HTTP ?

Tue Nov 30 08:17:10 PST 2004

Gregory Block wrote:
> 
> The only, the *only* thing I can think of to wish for is a better 
> performing GzipOutputStream, and that's mostly because I haven't gone 
> looking for either a faster compression stream in Java, or something 
> backed by hardware to do that compression, and that's just a 
> nice-to-have rather than a killer.

This is the one thing I would like as well!  I played around with the 
basic compression streams in java and the performance was horrible.  Our 
solution was probably not the most elegant.  As the client supports a 
threshold object size, below which, no compression is attempted, we just 
set this value fairly high (128K) and store only our largest object 
compressed.   Given a typical memcached server is fairly cheap, we just 
bought more hardware to run as servers.

However, I would still love to find a fast Java compression stream 
(though I am not holding my breath on finding one anytime soon).  A 
related problem is with the new hashing algorithm being used by a few of 
the other clients (perl, php).  They switched to using ...

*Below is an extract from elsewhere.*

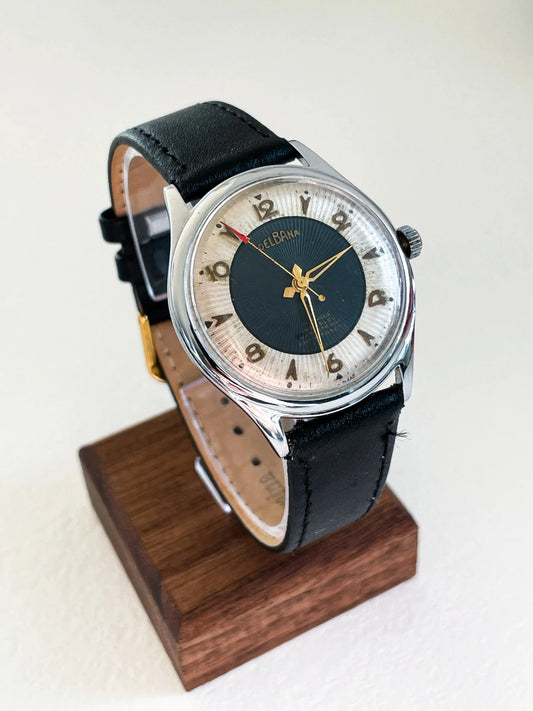 DELBANA 1960 - DropAndWatch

private static int newCompatHashingAlg(String key) {
     CRC32 checksum = new CRC32();
     checksum.update(key.getBytes());
     int crc = (int) checksum.getValue();
     return (crc >> 16) & 0x7fff;
}

This is sloooooow in Java (due to the CRC32 checksumming) and really 
fast in other langs like perl.  My solution was to allow the java client 
to specify the hashing algorithm to use.  It can run in a compatibility 
mode, which will use the slower algorithm, but hash the same as other 
clients, but it defaults to a simple String.hashCode(), which is blazing 
fast (mostly due to the fact that Java maintains a pool of String 
objects for you, so you generally only ever calc hashCode one time for a 
given String).

>  - If you've got connection fatigue, hold your connections around.
>  - If you can't solve that, you'll replace 
> connection-fatigue-with-memcached with 
> connection-fatigue-with-loadbalancer.
>  - Assuming you don't have the latter problem, you've probably got a 
> solution that could have been applied to fix the former, identical issue.
>  - If the cost of losing a cache is too high, distribute the load across 
> more caches, effectively reducing the impact of a single cache failure.  
> (And having said this, the uptimes on our caches are unbelievably long, 
> even under heavy use.)

We have only ever had to restart ours when we make sufficient code 
changes to invalidate the majority of data we have cached.  For speed 
purposes, we restart memcached to flush the cache.

>  - If the cost of accessing cache for everything is too high, split 
> cache into a "long term" cache which is retained in memcached, and a 
> "short term" cache which, like human short-term memory, is kept within 
> specific time/usage limits and holds a limited amount of information; 
> that raises the problem of needing to keep this content in sync, but 
> we're purposefully talking about small amounts of content here where 
> content is pushed simultaneously into the short-term and long-term 
> memory system for later recall/reuse.

We do retain cache in our app servers local memory.  Generally, this is 
small data that does not change, yet is accessed frequently.  No point 
in making the network hop for it.  Most data though, we cache in memcached.

Greg